QMIX -- Monotonic Value Function Factorisation

Intuition

QMIX solves cooperative multi-agent tasks by decomposing the joint team Q-value into per-agent utility functions combined through a monotonic mixing network. Each agent learns its own Q-network from local observations, while a hypernetwork (conditioned on the global state) generates the mixing weights. The key insight is enforcing monotonicity -- the joint Q-value is monotonically increasing in each agent's utility -- which guarantees that greedy action selection on the joint Q-value equals independent greedy selection per agent (decentralized execution).

Key Equations

Per-agent Q-values are combined via the mixing network:

\[ Q_{\text{tot}}(s, \mathbf{a}) = f_{\text{mix}}\!\left(Q_1(o_1, a_1), \ldots, Q_n(o_n, a_n); s\right) \]

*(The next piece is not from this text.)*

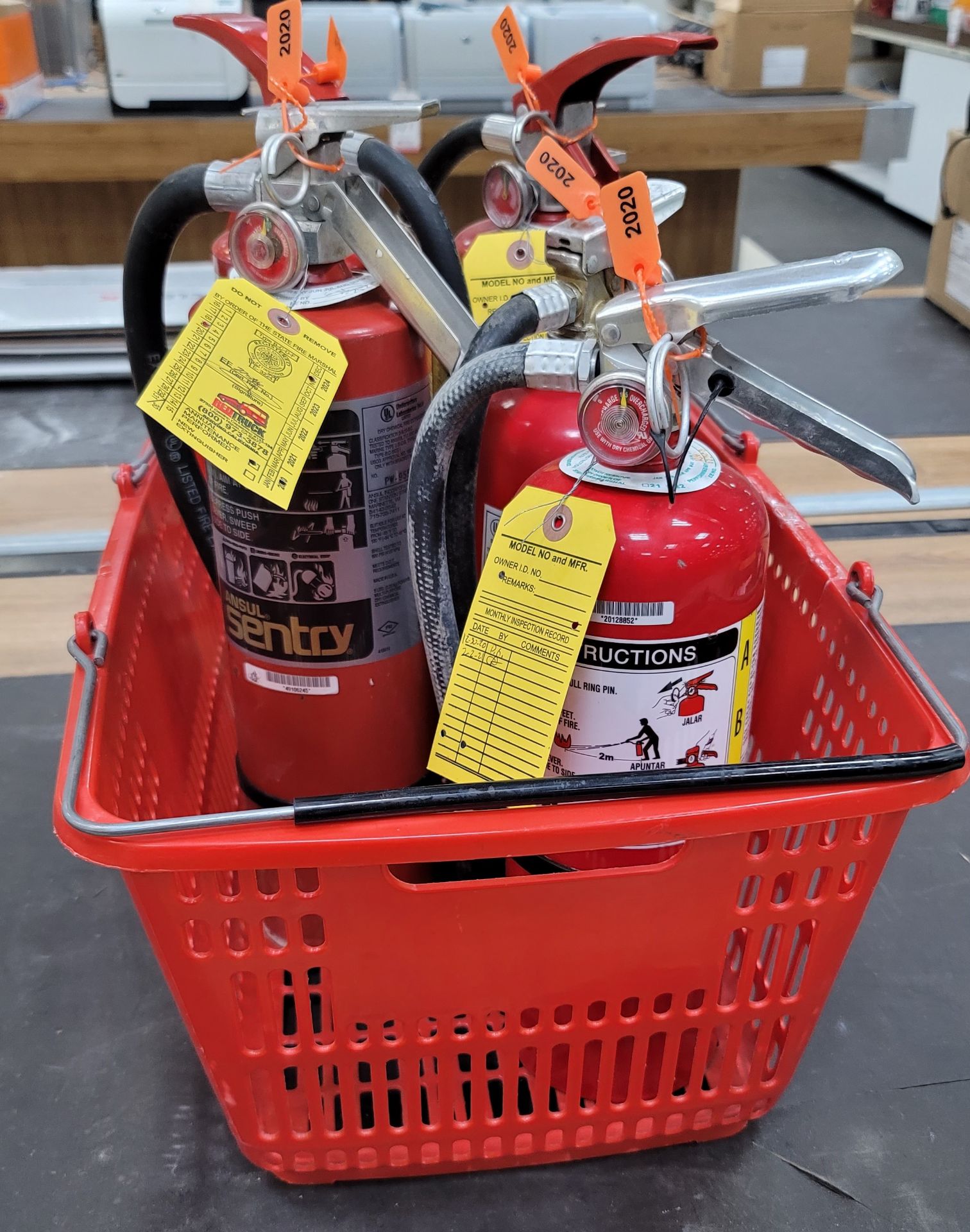 LOT - (5) HANDHELD A-B-C FIRE EXTINGUISHERS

Monotonicity is enforced by constraining mixing weights to be non-negative:

\[ \frac{\partial Q_{\text{tot}}}{\partial Q_i} \geq 0, \quad \forall i \]

This is achieved by applying \(|\cdot|\) (absolute value) to hypernetwork outputs:

\[ W = |f_{\text{hyper}}(s)| \]

The loss is standard TD error on the joint Q-value:

\[ L = \mathbb{E}\!\left[\left(r + \gamma \max_{\mathbf{a}'} Q_{\text{tot}}^-(s', \mathbf{a}') - Q_{\text{tot}}(s, \mathbf{a})\right)^2\right] \]

Pseudocode

algorithm QMIX:
    initialize per-agent Q-networks {Q_i} and target networks {Q_i^-}
    initialize mixing network M and target M^-
    initialize replay buffer D

    for step = 1 to total_timesteps do
        for each agent i:
            select a_i using epsilon-greedy on Q_i(o_i, .)

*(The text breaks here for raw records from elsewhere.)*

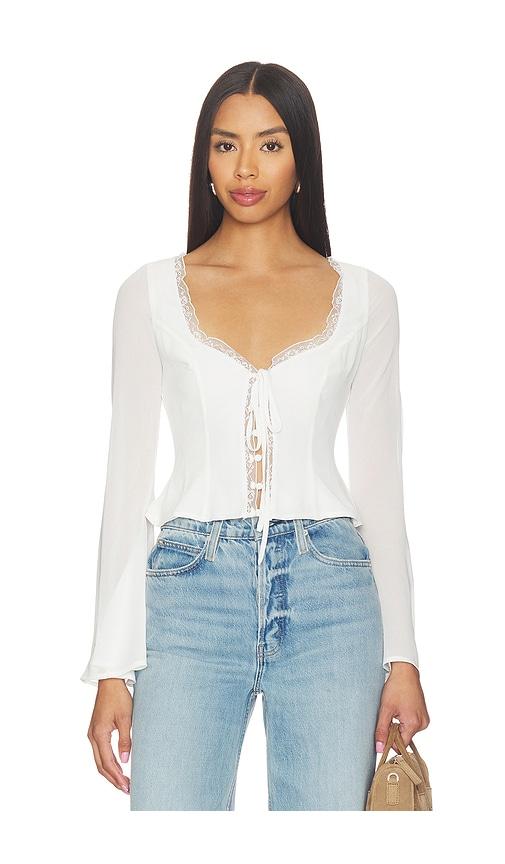 tularosa mia top in white.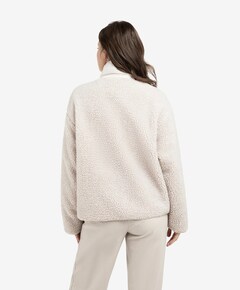 Dames jas omkeerbaar beige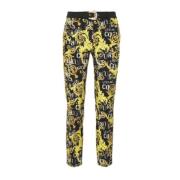 Barokprint Slim-Fit Damesbroek Versace Jeans Couture , Multicolor , Da...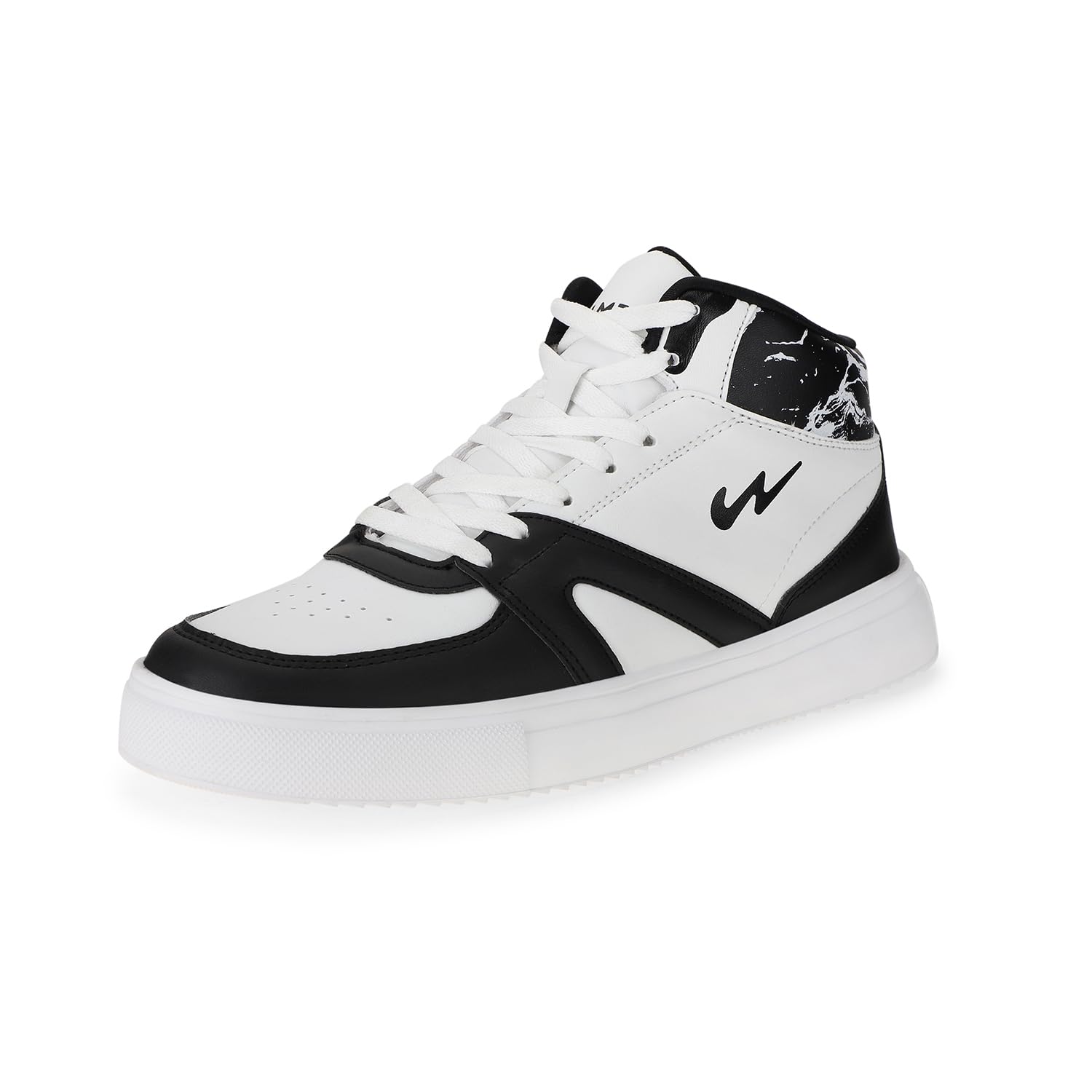 Campus Fence Sneakers For Men Stylish High Top Sneakers Comfortable Bubble Yoga Max Insole Water-Resistant Upper, Anti-Skid Outsole Lace-Up Casual Sneakers Shoes Wht/Blk, 10 UK (B0CGM2JP17) Amazon Price History, Amazon Price Tracker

        execute joint action, observe r, s', done
        store (s, {o_i}, {a_i}, r, done, s', {o_i'}) in D

        sample minibatch from D
        for each agent i:
            q_i = Q_i(o_i, a_i)       # chosen action Q-value
            q_i_target = max_a Q_i^-(o_i', a)  # greedy target

        q_tot = M({q_i}, global_state)
        q_tot_target = M^-({q_i_target}, global_state')
        L = MSE(q_tot, r + gamma * (1 - done) * q_tot_target)

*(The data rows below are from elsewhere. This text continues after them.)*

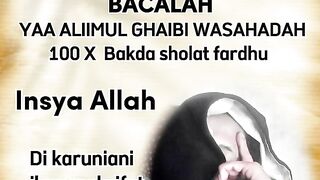 Agar di karuniani makrifat oleh Allah SWT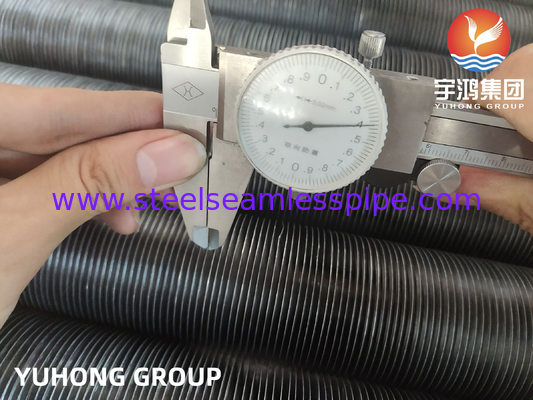 Asme Sa179 Prężnica 25,4 mm Cs Tube With Embedded Type Fin Fin Fined Tube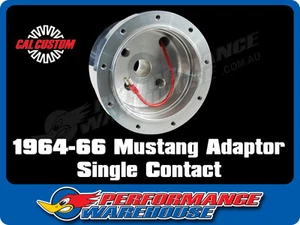 CAL CUSTOM 9 HOLE ALUMINIUM FORD STEERING WHEEL BOSS, FALCON, MUSTANG, F100 - Picture 1 of 2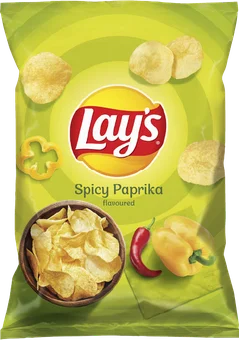 Chipsy spicy paprika Lay's 130g widok główny 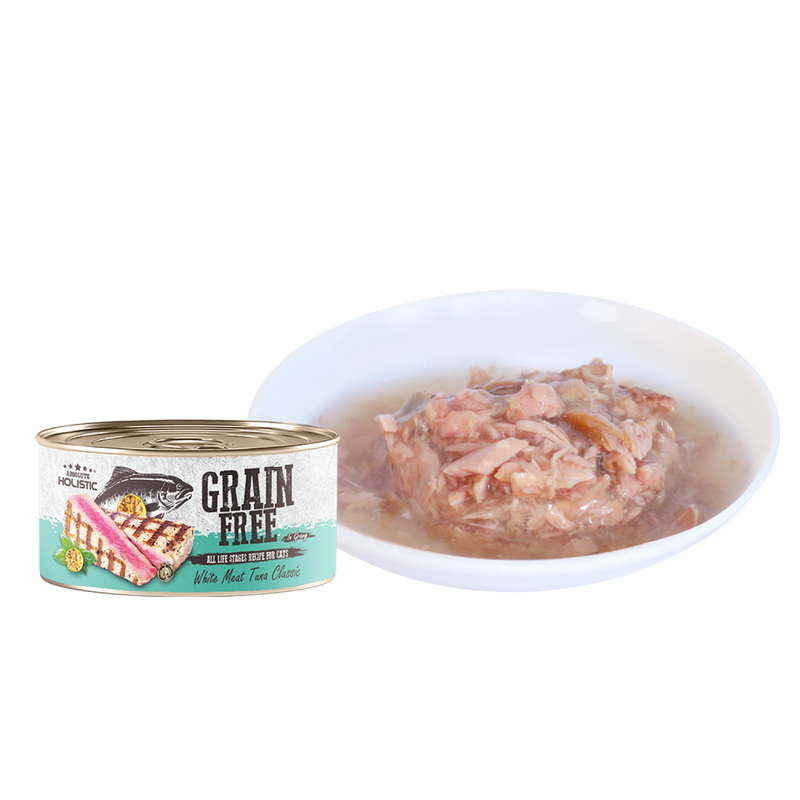 Grain Free White Meat Tuna Classic In Gravy Canned Cat Food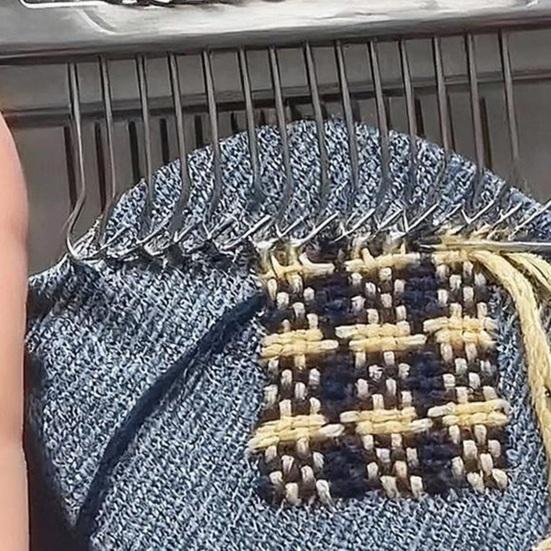 Sada mini látacího stavu, dřevěná látací houba, sada na výrobu pletených záplat, tkaní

        update all Q_i and M parameters
        periodically hard-copy to target networks

Quick Start

from rlox import Trainer

trainer = Trainer("qmix", env="CartPole-v1", seed=42, config={
    "n_agents": 3,
    "hidden_dim": 64,
    "mixing_embed_dim": 32,
})
metrics = trainer.train(total_timesteps=50_000)
print(f"Mean reward: {metrics['mean_reward']:.1f}")

Hyperparameters

Parameter Default Description
n_agents 3 Number of cooperative agents
hidden_dim 64 Hidden dimension for per-agent Q-networks
mixing_embed_dim 32 Hidden dimension of the mixing network
learning_rate 5e-4 Adam learning rate
buffer_size 50_000 Replay buffer capacity
batch_size 32 Minibatch size
gamma 0.99 Discount factor
target_update_freq 200 Steps between hard target network updates
epsilon_start 1.0 Initial exploration epsilon
epsilon_end 0.05 Final exploration epsilon
epsilon_decay_steps 5000 Linear epsilon decay duration
seed 42 Random seed

When to Use

  • Use QMIX when: you have a cooperative multi-agent task with discrete actions and shared rewards, and agents can only observe local information at execution time.
  • Prefer QMIX over MAPPO when: you want value decomposition with replay buffer efficiency, or the task has a clear cooperative structure where monotonicity holds.
  • Do not use QMIX when: the task requires non-monotonic value decomposition (some cooperative games violate this), or agents need continuous action spaces (prefer MAPPO).

References

  • Rashid, T., Samvelyan, M., Schroeder de Witt, C., Farquhar, G., Foerster, J., & Whiteson, S. (2018). QMIX: Monotonic Value Function Factorisation for Deep Multi-Agent Reinforcement Learning. ICML 2018. arXiv:1803.11485.